PROBLEM TO WORK ON
In the records below, the line with "Custom Royal Classic" opens the range and the line with "Item preview, Wolf" closes it; print that range exactly and nothing else.
-------- RECORD EXTRACTS --------
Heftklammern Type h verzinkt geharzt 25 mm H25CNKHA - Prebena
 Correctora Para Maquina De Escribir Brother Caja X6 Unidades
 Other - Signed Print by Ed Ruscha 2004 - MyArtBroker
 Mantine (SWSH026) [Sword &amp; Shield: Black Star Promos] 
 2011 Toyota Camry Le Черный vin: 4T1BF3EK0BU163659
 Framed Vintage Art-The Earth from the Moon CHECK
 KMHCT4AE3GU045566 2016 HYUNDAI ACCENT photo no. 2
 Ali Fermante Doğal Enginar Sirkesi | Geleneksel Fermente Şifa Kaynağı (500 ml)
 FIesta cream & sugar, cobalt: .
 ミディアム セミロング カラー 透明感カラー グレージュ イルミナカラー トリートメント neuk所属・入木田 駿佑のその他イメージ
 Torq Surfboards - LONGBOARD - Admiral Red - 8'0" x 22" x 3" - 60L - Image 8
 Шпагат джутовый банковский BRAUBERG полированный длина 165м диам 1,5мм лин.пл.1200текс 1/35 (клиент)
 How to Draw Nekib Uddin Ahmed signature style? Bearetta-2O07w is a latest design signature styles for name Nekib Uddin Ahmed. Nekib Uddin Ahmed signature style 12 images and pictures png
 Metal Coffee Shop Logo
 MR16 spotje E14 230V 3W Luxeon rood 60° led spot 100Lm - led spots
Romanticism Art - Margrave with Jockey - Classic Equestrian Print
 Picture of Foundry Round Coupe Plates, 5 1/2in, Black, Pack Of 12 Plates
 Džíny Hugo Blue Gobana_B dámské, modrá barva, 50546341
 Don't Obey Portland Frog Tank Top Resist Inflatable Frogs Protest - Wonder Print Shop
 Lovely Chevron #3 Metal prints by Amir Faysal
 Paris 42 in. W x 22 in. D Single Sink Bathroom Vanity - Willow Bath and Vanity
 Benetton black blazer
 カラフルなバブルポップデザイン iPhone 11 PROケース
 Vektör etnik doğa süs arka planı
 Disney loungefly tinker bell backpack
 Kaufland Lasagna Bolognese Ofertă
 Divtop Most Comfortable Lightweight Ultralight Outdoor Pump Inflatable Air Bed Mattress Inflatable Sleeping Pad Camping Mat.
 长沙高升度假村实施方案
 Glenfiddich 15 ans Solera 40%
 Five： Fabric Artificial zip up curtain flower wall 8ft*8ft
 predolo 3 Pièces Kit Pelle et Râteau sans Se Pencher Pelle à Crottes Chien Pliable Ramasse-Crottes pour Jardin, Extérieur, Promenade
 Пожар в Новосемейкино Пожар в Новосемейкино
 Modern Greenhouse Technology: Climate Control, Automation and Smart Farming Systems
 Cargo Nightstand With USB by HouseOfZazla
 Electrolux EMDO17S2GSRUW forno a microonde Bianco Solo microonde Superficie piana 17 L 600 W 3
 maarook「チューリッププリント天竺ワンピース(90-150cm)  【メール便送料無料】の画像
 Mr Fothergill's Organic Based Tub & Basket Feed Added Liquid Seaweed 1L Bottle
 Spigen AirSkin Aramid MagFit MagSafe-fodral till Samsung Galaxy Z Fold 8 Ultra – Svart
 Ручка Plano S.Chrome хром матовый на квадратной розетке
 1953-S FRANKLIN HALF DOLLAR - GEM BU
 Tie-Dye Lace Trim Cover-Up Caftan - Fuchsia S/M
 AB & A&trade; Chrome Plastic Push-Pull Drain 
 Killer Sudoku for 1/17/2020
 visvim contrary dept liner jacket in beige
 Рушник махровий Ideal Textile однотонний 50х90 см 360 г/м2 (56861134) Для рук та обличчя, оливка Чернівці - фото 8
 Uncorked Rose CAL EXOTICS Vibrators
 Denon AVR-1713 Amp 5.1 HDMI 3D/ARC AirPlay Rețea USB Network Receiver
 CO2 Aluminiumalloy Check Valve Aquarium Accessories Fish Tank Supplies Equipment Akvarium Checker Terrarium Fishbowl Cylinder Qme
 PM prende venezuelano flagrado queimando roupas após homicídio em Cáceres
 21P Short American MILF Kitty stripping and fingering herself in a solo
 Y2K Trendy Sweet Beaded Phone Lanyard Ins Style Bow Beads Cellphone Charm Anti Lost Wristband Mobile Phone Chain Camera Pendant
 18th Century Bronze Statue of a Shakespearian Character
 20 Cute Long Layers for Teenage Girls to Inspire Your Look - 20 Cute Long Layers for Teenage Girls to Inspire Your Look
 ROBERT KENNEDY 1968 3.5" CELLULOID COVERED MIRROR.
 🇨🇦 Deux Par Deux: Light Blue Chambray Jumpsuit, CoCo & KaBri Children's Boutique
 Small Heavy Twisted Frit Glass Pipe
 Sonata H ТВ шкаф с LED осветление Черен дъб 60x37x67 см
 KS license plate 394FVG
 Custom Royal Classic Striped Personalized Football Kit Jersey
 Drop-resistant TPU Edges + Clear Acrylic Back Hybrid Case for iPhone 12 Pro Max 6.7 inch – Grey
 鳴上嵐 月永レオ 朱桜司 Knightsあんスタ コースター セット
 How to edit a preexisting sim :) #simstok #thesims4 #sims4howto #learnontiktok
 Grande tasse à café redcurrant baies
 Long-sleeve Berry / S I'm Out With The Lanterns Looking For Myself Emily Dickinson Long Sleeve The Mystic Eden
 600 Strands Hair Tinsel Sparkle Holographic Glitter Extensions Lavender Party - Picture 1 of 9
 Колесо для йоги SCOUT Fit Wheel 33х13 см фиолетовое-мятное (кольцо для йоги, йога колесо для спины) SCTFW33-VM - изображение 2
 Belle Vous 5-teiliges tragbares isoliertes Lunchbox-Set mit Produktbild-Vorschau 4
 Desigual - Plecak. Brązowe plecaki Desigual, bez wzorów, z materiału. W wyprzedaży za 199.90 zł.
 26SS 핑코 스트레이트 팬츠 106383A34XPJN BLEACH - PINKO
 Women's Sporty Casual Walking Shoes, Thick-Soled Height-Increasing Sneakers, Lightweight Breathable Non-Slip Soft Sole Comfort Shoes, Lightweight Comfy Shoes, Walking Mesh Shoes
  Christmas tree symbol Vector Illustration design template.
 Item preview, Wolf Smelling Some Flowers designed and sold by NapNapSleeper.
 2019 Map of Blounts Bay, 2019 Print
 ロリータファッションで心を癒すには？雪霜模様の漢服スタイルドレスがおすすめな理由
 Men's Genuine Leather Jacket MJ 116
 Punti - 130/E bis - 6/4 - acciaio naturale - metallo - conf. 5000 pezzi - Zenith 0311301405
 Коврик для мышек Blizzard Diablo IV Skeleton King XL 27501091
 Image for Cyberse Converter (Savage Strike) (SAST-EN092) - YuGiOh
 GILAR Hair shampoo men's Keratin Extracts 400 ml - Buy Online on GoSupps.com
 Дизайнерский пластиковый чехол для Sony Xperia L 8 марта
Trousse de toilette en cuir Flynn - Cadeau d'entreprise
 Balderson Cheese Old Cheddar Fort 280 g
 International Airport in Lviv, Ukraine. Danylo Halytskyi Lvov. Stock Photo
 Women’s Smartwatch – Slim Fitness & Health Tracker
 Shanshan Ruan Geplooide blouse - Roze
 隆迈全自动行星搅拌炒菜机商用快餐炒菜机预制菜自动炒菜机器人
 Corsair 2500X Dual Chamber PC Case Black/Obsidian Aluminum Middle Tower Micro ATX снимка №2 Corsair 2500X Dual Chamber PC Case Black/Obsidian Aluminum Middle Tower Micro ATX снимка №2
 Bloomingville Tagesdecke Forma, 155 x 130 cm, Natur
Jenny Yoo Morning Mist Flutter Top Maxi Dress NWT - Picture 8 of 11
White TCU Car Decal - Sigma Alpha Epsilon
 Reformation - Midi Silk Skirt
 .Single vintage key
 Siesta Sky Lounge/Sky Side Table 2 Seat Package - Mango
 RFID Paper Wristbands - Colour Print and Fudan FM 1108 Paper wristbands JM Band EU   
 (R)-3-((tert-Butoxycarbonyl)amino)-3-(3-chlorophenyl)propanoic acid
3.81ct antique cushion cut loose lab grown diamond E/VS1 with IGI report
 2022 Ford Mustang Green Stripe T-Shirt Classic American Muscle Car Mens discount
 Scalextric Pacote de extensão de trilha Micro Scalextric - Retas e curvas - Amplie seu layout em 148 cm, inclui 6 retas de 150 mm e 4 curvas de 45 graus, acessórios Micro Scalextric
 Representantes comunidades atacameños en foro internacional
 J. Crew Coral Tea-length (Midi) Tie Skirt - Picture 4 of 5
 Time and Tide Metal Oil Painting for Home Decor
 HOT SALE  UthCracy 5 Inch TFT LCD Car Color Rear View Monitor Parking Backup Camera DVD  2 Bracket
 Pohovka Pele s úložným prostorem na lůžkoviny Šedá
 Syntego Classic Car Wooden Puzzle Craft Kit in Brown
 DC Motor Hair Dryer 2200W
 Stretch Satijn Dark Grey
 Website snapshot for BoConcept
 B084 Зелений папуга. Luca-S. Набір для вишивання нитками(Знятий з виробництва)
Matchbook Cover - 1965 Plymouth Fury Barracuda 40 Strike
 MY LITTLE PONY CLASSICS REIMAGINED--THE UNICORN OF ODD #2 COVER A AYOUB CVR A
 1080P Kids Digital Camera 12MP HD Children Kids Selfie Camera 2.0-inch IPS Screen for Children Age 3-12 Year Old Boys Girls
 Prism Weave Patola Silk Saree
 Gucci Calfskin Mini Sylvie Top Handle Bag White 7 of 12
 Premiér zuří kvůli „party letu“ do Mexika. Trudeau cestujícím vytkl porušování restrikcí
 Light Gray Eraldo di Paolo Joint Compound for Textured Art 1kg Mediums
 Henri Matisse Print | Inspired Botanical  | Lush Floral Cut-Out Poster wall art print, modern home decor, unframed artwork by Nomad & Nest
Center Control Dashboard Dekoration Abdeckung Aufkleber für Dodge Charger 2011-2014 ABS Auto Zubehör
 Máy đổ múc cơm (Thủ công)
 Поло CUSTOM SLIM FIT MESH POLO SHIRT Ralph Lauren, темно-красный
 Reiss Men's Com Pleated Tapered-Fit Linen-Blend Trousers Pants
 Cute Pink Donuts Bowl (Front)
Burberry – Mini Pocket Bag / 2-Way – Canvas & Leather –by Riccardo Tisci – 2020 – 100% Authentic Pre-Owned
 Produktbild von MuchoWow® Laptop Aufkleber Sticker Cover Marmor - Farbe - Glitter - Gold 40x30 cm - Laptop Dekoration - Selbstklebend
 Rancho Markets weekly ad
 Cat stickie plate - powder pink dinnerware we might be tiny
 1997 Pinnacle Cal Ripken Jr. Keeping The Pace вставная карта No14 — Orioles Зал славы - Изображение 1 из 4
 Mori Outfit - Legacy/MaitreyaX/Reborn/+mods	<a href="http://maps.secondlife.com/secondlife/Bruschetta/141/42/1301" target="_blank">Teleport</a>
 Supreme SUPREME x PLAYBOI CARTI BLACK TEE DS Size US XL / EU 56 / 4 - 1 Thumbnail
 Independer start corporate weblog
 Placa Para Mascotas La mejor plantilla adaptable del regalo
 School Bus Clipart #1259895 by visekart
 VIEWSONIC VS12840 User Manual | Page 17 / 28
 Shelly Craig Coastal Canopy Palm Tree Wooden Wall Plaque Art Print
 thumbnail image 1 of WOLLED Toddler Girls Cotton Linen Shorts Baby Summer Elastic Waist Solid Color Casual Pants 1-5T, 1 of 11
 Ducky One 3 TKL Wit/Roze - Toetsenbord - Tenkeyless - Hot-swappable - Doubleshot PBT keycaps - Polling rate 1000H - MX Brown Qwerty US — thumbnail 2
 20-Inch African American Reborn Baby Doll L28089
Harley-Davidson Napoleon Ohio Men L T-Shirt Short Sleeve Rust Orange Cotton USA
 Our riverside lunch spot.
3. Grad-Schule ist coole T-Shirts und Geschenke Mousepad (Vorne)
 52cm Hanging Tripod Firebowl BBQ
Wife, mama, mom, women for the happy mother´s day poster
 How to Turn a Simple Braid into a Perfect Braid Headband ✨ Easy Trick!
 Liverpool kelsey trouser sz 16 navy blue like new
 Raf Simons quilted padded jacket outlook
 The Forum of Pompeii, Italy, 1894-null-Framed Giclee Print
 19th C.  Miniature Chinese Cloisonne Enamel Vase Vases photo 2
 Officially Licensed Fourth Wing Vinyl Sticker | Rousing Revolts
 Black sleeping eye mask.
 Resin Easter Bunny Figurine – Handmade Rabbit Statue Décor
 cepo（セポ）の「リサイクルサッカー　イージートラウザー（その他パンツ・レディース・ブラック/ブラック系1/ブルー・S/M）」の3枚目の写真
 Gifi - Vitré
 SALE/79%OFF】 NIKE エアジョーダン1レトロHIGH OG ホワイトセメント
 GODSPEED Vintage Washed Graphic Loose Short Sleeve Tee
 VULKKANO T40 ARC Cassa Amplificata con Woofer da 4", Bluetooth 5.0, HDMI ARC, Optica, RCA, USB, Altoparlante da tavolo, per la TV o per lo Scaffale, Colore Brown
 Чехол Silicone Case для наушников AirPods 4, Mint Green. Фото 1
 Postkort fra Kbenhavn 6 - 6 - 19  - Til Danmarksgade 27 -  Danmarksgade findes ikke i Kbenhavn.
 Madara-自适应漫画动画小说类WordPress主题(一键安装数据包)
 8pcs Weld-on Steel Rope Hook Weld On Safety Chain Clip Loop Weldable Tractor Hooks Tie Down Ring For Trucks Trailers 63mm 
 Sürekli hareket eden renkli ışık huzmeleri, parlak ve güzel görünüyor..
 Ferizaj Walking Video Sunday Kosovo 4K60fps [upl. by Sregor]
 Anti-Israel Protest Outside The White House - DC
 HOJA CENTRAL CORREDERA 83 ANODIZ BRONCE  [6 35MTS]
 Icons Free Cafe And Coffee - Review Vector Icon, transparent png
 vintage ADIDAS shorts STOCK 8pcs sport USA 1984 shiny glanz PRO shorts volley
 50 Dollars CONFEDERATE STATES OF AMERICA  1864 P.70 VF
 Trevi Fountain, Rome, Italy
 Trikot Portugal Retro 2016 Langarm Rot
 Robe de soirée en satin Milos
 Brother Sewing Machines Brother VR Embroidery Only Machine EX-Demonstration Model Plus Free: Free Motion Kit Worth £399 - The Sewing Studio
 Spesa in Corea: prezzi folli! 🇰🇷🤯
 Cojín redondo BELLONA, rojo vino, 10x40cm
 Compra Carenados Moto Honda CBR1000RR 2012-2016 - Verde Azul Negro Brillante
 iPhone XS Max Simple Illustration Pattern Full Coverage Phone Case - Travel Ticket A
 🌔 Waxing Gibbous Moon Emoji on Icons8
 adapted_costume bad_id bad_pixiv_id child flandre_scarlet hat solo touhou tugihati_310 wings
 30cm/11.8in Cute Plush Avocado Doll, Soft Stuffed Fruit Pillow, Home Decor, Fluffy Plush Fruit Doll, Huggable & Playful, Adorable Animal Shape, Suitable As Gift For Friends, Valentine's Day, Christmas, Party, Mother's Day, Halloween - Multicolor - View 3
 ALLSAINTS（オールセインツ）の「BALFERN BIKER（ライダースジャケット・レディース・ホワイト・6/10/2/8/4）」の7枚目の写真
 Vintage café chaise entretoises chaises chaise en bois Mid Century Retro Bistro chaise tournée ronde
--------
ANSWER SPACE
 Custom Royal Classic Striped Personalized Football Kit Jersey
 Drop-resistant TPU Edges + Clear Acrylic Back Hybrid Case for iPhone 12 Pro Max 6.7 inch – Grey
 鳴上嵐 月永レオ 朱桜司 Knightsあんスタ コースター セット
 How to edit a preexisting sim :) #simstok #thesims4 #sims4howto #learnontiktok
 Grande tasse à café redcurrant baies
 Long-sleeve Berry / S I'm Out With The Lanterns Looking For Myself Emily Dickinson Long Sleeve The Mystic Eden
 600 Strands Hair Tinsel Sparkle Holographic Glitter Extensions Lavender Party - Picture 1 of 9
 Колесо для йоги SCOUT Fit Wheel 33х13 см фиолетовое-мятное (кольцо для йоги, йога колесо для спины) SCTFW33-VM - изображение 2
 Belle Vous 5-teiliges tragbares isoliertes Lunchbox-Set mit Produktbild-Vorschau 4
 Desigual - Plecak. Brązowe plecaki Desigual, bez wzorów, z materiału. W wyprzedaży za 199.90 zł.
 26SS 핑코 스트레이트 팬츠 106383A34XPJN BLEACH - PINKO
 Women's Sporty Casual Walking Shoes, Thick-Soled Height-Increasing Sneakers, Lightweight Breathable Non-Slip Soft Sole Comfort Shoes, Lightweight Comfy Shoes, Walking Mesh Shoes
  Christmas tree symbol Vector Illustration design template.
 Item preview, Wolf Smelling Some Flowers designed and sold by NapNapSleeper.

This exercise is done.